To the Editor: I just read Dave Thomas’ alleged “profile” of me. How utterly sad that this man, Dave Thomas, considers himself a journalist.
To the Editor: The issue was great, but I’d like to point out two observations.
The first is the general trend this exposes. While griefing occurs predominantly in MMOGs, it also occurs to a lesser degree in older games. From the original Diablo to WoW, griefing has been in the gaming community for a long time. It seems in the articles that it only exists in new games, which is not true. It was just harder before to interfere with the game – a good thing in terms of giving gamers more power, as Mark Wallace shows.
Secondly, this indicates that the gamer society is becoming more mainstream. Griefing means there’s people out there that don’t care about the game but play anyway – which is a good thing. Why? Because what the gaming community needs right now is exposure more than all else. Expose that the gaming world is a living, working world, as with Second Life, and not just for 17-year-olds living in their parents’ basement, as the popular conception is. Break the stereotypes and people like Jack Thompson won’t matter anymore.
To the Editor: [Regarding “The Day the Grid Disappeared”] The article was fascinating and the point about needing some sort of system of law, as opposed to restructuring the physics, is well taken. It balances the human needs better.

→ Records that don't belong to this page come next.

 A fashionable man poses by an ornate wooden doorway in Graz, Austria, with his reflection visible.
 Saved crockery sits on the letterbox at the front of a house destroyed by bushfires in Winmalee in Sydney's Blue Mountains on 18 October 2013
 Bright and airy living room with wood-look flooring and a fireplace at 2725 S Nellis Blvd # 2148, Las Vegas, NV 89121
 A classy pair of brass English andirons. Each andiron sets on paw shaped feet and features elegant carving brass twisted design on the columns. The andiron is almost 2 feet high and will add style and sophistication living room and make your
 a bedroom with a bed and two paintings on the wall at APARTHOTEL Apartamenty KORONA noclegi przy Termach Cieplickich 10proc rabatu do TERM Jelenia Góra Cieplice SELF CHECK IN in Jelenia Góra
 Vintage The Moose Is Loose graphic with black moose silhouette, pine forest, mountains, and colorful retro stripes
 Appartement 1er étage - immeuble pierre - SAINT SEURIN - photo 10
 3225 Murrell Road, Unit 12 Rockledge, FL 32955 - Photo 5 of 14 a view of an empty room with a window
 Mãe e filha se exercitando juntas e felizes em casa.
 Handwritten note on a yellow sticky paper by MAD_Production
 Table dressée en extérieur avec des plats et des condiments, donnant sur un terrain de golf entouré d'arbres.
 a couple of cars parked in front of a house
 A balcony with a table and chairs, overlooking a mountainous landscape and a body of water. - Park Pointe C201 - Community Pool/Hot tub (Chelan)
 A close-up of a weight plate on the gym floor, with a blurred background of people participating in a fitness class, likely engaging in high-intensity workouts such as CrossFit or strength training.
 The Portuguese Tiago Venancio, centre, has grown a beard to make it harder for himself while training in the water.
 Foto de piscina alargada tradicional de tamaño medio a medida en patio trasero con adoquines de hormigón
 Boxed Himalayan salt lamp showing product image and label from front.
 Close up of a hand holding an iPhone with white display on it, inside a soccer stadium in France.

I think one should not give up the physics solution too quickly, however. Replicating viruses work so well in computer systems since there is no real cost for duplicating things. In the real world duplication has real costs, be it energy, resources or time.
So why not introduce some sort of cost for replication in the virtual world? Some sort of effect that makes normal copying work unchanged, but forces waves of copying to slow right down to a crawl. That way normal freedoms are not impacted, while malicious copying is dampened.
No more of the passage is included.